Across the ocean

The acknowledgments conundrum

You'd think after writing a 300-page book, half a page more of acknowledgments would be trivial. I'm not likely to write many--this story gestated for forty years, in handwritten notes, typewriters, and across generations of computers--so I want to get it right.

I started a list of who I wanted to thank, and added names to it impressionistically. The obvious family, friends, readers. Then less obvious people who'd been kind. I made it a point to include as many of those people as I could remember, even strangers in random moments. The guy in our building who had a car at 16, and made time to take us younger kids to the community pool. A girl whose name I didn't even know, who saw me crying on the schoolyard one day and came over to make sure I was okay. Musicians and writers who inspired me. Why not?

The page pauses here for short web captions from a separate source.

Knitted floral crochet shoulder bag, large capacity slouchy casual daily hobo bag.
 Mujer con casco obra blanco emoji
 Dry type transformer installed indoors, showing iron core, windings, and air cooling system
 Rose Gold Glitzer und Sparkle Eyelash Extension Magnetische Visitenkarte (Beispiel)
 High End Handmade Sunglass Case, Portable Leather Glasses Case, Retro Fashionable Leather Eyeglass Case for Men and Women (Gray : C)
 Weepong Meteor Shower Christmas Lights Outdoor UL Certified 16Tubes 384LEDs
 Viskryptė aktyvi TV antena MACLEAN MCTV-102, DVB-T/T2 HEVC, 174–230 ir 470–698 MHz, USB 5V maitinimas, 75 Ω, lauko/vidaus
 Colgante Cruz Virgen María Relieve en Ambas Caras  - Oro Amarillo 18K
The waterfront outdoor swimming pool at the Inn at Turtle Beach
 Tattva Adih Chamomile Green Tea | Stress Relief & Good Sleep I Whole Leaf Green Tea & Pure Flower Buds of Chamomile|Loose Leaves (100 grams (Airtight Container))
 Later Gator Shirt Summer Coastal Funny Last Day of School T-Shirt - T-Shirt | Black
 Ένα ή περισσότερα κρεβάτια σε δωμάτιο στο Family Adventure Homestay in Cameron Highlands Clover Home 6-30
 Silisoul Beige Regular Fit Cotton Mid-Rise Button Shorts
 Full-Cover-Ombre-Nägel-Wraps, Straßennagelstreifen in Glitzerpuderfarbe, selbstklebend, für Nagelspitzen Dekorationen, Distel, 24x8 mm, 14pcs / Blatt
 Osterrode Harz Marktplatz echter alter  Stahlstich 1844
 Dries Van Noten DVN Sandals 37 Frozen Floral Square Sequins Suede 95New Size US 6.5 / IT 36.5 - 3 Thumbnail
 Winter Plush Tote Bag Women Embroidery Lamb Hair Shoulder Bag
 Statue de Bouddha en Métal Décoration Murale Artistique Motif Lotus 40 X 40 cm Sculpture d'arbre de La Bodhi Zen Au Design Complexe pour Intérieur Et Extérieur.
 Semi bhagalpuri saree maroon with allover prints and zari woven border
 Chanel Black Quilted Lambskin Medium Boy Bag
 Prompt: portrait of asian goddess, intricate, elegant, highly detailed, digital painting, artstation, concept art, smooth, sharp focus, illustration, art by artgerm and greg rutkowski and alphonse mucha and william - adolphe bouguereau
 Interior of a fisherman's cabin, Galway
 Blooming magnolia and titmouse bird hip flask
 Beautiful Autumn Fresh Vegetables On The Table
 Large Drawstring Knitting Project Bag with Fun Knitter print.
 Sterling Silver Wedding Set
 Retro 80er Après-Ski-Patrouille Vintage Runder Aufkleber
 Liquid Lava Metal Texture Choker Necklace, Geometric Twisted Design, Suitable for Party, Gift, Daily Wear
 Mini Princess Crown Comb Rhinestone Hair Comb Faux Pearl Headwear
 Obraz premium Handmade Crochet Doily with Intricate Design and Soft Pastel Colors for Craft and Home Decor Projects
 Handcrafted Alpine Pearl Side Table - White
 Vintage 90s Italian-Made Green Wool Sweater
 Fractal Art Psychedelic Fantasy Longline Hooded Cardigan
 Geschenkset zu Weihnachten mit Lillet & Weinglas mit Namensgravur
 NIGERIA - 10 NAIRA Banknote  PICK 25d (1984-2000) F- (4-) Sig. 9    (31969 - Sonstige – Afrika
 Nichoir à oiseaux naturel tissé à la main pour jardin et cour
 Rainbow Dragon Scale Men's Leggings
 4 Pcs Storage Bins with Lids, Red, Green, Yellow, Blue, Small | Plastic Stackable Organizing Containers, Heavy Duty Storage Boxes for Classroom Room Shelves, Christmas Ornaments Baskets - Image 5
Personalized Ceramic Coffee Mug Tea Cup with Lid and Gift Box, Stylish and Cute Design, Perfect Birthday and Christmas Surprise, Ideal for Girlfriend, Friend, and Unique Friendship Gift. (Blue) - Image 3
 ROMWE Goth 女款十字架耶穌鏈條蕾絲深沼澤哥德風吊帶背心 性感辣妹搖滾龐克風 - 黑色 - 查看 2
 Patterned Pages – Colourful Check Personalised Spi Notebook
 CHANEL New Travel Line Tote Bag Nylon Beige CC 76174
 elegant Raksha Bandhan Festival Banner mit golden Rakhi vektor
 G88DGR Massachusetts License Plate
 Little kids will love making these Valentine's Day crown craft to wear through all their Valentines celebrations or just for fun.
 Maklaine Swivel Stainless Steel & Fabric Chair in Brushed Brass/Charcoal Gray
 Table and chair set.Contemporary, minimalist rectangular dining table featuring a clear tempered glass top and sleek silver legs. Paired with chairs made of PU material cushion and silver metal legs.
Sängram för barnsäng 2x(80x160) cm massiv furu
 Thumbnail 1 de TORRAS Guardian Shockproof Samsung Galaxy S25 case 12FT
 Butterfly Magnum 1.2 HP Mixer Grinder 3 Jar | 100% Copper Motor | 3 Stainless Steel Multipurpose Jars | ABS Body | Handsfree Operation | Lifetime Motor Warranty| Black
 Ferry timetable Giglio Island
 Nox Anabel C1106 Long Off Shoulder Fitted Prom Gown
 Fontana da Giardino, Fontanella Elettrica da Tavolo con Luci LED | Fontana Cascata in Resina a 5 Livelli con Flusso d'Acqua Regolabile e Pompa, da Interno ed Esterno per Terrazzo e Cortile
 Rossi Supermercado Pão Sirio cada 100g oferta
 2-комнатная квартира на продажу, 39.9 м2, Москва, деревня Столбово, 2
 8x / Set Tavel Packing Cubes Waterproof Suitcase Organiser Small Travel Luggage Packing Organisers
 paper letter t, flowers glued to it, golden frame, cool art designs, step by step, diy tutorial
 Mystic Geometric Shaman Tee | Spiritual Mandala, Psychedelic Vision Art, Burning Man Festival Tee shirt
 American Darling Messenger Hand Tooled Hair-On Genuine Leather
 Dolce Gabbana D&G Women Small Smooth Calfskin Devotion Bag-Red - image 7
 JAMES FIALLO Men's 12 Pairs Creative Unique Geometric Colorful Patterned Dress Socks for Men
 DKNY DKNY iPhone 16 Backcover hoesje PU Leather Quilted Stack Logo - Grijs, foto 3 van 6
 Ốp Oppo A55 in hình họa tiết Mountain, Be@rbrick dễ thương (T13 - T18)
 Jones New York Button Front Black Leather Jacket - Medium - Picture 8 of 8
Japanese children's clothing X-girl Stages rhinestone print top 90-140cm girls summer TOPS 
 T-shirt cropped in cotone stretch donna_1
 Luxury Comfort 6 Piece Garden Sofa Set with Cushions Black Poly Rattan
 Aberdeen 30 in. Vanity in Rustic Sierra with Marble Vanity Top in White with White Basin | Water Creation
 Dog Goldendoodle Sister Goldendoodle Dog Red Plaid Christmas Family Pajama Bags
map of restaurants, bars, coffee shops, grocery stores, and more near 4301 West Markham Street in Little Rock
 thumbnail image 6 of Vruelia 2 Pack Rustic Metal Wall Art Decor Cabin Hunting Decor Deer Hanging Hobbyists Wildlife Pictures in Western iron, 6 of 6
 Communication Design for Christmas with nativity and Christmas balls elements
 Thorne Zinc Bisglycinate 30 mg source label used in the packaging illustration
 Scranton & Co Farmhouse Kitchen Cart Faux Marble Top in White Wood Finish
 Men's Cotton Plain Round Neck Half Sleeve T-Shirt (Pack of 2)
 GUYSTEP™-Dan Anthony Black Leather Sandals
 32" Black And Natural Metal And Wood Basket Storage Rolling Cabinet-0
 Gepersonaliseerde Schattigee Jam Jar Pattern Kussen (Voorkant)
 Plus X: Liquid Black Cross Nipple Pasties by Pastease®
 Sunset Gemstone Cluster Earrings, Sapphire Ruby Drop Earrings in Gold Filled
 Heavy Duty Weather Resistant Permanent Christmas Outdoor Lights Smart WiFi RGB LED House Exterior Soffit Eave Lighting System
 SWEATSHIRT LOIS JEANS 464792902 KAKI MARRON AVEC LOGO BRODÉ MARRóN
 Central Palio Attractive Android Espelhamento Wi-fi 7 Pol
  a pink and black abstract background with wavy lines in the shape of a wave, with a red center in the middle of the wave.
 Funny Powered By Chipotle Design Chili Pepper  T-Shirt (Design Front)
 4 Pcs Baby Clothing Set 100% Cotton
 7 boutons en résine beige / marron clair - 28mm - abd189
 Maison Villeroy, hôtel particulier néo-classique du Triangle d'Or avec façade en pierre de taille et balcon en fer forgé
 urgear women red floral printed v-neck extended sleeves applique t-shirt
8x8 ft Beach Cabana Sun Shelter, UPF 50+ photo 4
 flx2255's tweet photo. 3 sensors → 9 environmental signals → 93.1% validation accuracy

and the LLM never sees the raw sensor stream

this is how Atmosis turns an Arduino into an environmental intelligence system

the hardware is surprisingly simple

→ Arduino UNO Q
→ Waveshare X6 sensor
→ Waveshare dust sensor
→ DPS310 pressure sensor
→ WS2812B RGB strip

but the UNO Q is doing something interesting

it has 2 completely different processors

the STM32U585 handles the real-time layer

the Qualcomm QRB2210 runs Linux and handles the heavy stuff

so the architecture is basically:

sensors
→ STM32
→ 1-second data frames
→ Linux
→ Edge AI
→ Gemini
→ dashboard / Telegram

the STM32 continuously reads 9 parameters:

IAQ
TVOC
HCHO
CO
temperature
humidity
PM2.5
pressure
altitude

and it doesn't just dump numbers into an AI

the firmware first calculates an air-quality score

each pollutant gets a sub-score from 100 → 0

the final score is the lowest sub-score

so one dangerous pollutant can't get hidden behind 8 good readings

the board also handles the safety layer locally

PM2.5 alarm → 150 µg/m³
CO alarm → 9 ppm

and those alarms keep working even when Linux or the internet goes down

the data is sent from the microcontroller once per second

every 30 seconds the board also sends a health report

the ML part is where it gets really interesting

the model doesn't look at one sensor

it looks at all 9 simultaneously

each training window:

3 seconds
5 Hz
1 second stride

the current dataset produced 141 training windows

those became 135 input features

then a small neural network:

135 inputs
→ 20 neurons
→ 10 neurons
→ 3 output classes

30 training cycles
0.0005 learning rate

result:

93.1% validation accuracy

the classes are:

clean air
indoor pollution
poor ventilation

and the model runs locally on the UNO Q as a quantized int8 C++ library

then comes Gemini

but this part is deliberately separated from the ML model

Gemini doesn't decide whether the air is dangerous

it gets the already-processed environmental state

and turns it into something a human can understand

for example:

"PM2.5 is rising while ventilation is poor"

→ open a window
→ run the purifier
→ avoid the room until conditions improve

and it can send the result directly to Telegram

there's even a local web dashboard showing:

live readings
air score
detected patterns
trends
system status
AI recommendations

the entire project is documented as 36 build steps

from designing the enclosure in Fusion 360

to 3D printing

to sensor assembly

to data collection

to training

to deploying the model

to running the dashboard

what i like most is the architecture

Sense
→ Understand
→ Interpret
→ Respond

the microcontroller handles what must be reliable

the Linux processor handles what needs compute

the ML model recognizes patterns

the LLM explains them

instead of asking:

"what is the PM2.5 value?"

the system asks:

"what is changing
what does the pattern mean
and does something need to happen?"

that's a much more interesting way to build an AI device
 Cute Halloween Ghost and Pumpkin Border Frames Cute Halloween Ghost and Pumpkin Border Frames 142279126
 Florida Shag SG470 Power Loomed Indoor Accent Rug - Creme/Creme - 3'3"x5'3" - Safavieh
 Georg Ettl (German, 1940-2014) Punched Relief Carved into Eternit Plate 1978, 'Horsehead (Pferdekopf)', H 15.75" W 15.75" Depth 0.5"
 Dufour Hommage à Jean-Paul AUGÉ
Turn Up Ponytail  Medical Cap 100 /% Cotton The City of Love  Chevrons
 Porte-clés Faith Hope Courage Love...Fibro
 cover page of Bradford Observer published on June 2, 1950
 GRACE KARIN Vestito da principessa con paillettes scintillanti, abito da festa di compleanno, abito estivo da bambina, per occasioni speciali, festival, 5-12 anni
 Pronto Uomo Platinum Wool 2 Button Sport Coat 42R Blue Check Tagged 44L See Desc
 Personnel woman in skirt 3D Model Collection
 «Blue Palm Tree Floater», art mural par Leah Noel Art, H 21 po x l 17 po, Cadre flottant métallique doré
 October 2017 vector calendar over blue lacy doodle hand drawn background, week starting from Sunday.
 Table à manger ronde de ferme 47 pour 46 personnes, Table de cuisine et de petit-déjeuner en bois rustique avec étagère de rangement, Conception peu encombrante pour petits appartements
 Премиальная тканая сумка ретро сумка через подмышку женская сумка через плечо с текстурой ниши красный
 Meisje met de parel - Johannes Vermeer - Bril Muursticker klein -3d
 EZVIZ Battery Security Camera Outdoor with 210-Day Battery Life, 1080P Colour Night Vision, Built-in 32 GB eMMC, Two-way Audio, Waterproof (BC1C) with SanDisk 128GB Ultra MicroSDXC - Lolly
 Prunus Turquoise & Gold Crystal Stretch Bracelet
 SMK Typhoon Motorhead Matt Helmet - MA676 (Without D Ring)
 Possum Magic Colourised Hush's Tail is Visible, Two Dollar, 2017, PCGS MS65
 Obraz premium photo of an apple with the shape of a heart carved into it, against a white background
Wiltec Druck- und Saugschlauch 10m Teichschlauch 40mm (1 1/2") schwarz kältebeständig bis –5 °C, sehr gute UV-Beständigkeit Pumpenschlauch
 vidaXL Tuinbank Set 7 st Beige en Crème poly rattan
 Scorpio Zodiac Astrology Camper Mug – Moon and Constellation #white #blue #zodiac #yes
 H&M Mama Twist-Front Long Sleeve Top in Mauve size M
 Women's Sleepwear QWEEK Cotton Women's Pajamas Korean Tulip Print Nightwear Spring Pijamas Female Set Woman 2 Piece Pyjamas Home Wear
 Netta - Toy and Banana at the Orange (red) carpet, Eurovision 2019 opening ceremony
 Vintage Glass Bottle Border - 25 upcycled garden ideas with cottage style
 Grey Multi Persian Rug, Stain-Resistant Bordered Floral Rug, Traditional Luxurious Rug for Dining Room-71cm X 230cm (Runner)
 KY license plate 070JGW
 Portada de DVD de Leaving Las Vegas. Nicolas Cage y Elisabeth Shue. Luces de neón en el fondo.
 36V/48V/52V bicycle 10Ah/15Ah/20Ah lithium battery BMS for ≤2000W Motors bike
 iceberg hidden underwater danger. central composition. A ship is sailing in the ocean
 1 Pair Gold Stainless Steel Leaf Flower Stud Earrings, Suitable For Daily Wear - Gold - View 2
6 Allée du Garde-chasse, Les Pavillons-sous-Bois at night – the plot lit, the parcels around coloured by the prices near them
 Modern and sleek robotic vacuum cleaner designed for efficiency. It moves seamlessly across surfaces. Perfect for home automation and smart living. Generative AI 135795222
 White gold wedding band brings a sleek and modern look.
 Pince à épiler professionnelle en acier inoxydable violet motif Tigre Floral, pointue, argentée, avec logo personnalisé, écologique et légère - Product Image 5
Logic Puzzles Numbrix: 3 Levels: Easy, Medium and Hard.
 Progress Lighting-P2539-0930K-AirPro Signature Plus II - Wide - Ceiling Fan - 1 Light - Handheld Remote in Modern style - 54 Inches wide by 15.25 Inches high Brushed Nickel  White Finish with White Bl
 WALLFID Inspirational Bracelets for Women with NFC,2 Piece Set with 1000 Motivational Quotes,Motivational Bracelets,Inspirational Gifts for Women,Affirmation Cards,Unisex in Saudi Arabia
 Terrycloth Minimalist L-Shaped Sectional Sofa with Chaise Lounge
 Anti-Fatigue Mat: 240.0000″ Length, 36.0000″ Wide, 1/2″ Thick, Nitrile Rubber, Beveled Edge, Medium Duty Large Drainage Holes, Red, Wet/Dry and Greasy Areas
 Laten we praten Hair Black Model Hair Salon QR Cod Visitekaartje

The list got to two hundred entries and I wasn't nearly done. I know acknowledgments are personal and can take many forms, but I'm pretty sure they're not supposed to be a list of the bands and books I think are cool, plus everyone in my life who was ever nice to me.

I tried to whittle the list with selection criteria, but trying to enumerate and rank people’s tangible and intangible contributions across so many years just felt wrong. I'm now leaning against including acknowledgments at all, and instead just leave the reader with the story's final lines.

But whether acknowledgments make it into the book or not, this experience did help me figure out the essence of what I want to say:

If you’ve been kind, to me or around me, in large ways or small, personally or professionally, for years or moments. Thank you. It mattered. You matter. You’re probably in here somewhere.